Ça ne pleurniche pas. Ça s’ajuste. Ça encaisse. Ça recommence ailleurs, même quand t’as pas encore fini de comprendre où t’étais avant.
Le Bélier, ici, c’est recommencer sans mode d’emploi.
Irma note :
« Y’en a qui attendent de comprendre… eux autres, ils avancent pareil ».
Irma hausse un sourcil, lentement, très lentement : « Cousture, elle fait pas de conférences de presse. Elle annonce rien. Elle pose son manuscrit sur le bureau et elle repart. Essaie de lui dire non. Juste essaie. Moi j’ai essayé une fois avec un Bélier…»
Elle monte un sourcil sans finir la phrase.
Stanley Péan (31 mars)
Le gars qui va voir ce qui fait du bruit dans le noir et qui revient déçu parce c’était rien. Bizango : les morts ont des opinions, les villages ont des mémoires longues, les frontières entre ici et l’autre bord sont des suggestions. Zombi Blues : Montréal la nuit, avec tout ce que la ville a avalé sans digérer, qui remonte.
Péan écrit dans le registre de ce qui refuse d’être enterré. Et lui, loin de fuir, il se tire une chaise.
Irma s’esclaffe, pas trop fort : « Quand les affaires virent de bord, les gens raisonnables mettent leur coat. Lui, il commande une tournée pour les fantômes et leur demande des nouvelles de leur famille. C’est ce que j’appelle du courage. Ou de l’inconscience? Avec les Béliers, la différence est négligeable. »
Dany Laferrière (13 avril)
Le roi du plaisir souverain et de l’indifférence cultivée. Comment faire l’amour avec un nègre sans se fatiguer : un titre qui a fait trébucher les gens dans les librairies, en 1985 et qui le fait encore… C’est le but. Hilarant, coupant, écrit avec la nonchalance de quelqu’un qui sait exactement ce qu’il fait et qui fait semblant que non. L’énigme du retour , sobre, droit, avec une tristesse dedans qui arrive sans prévenir.
Laferrière a compris que la légèreté peut entrer là où le sérieux se fait barrer la route. Et le « je » qu’il plante là, imperturbable, les mains dans les poches, dérange précisément parce qu’il revendique rien, explique rien, justifie rien.

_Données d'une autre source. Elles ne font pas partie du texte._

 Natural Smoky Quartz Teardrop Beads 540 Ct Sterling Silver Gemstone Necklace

Irma tire sur sa clope virtuelle avec une lenteur calculée : « Y’en a qui arrivent en s’excusant d’occuper de l’espace. Lui, il te nargue depuis un café de Paris en sirotant quelque chose de frais. Il a même pas l’air de savoir que t’existes. C’est ça, la vraie souveraineté du Bélier, tranquille, totale, sans effort apparent. »
Le verdict d’Irma
Le Bélier québécois part sans carte, revient sans remords. Ça pète, ça trace, parfois ça finit dans le fossé, mais au moins, ça a bougé. Pas de relecture compulsive à trois heures du matin, pas de « j’envoie demain quand j’aurai dormi dessus ». Ils écrivent comme on plonge dans un lac en mai : en sachant que l’eau est froide et en sautant pareil.

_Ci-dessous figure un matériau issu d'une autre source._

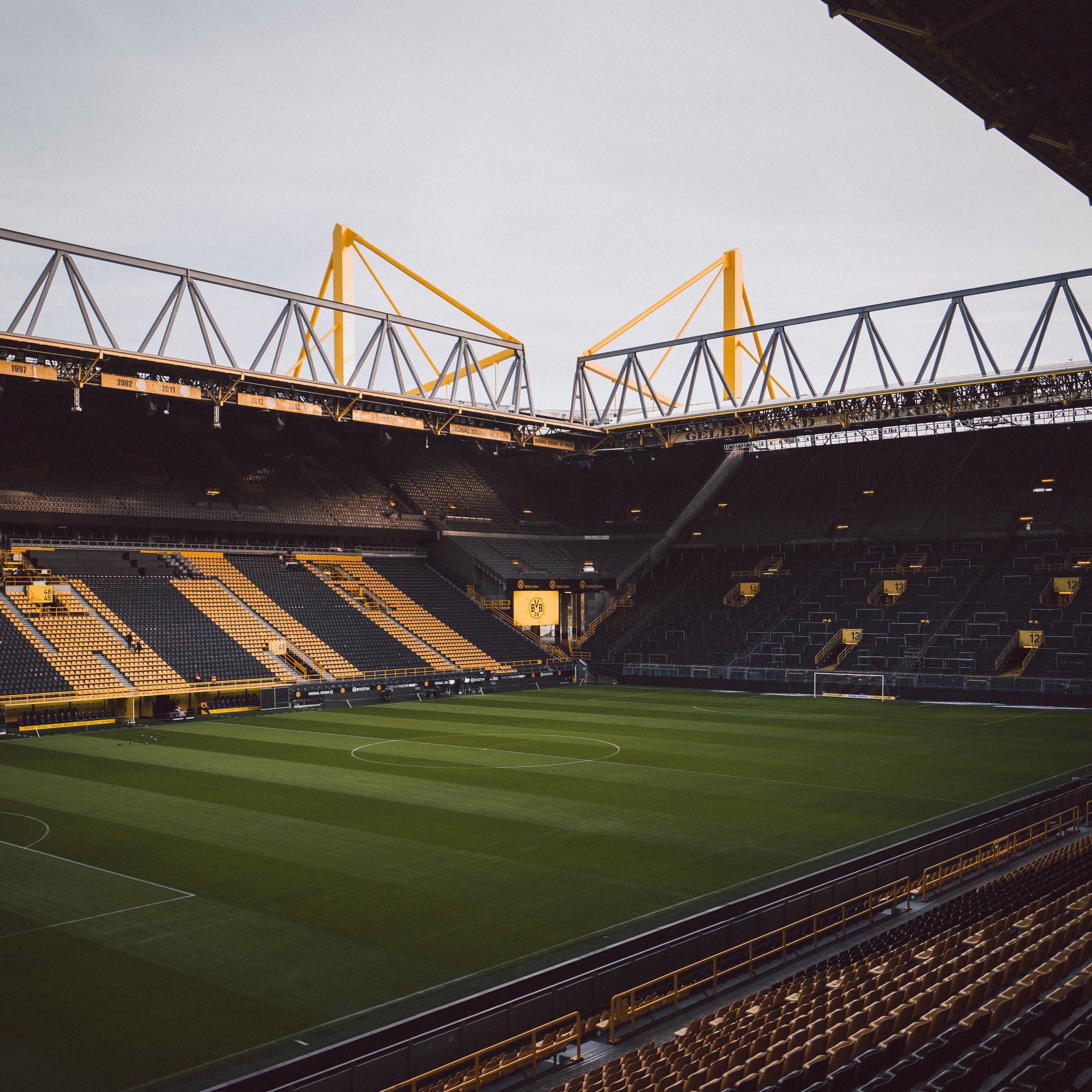 2780x2780 Wallpaper football field, lawn, stands, football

C’est le signe qui confond les obstacles avec le décor. Qui pense que les règles sont pour les gens moins pressés. Qui croit que le bon moment c’est maintenant, et si c’est pas maintenant, c’est dans cinq minutes.
Madame Irma écrase sa cigarette dans le cendrier qu’elle vide jamais parce qu’elle trouve ça philosophique, un cendrier plein. Elle regarde la fumée un moment. Elle a l’air de penser à autre chose, mais c’est juste une impression.

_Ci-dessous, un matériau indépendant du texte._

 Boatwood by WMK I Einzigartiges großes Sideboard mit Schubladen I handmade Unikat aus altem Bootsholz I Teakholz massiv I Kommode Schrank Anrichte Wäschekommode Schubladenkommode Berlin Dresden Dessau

« Le Bélier, dans le fond, c’est le seul signe qui me fatigue pas. Les autres, ils ruminent, ils hésitent, ils consultent. Le Bélier, lui, il est déjà parti quand tu finis ta phrase. C’est reposant. »
Elle se lève. Prend son temps.
« Les gens pensent que la prudence c’est une vertu. Irma dit que c’est souvent juste de la peur avec un meilleur attaché de presse. »
Elle enfile son manteau, pas pressée, mais sans traîner non plus.
« Ces cinq-là ont écrit sans demander si c’était le bon moment. Le bon moment, ça existe pas. Y’a juste le moment. »
Elle boutonne. Un bouton. Deux.
« C’est pas de la sagesse, ce que je viens de dire. C’est de l’observation. Nuance. »
Elle attrape son sac, part acheter des cigarettes.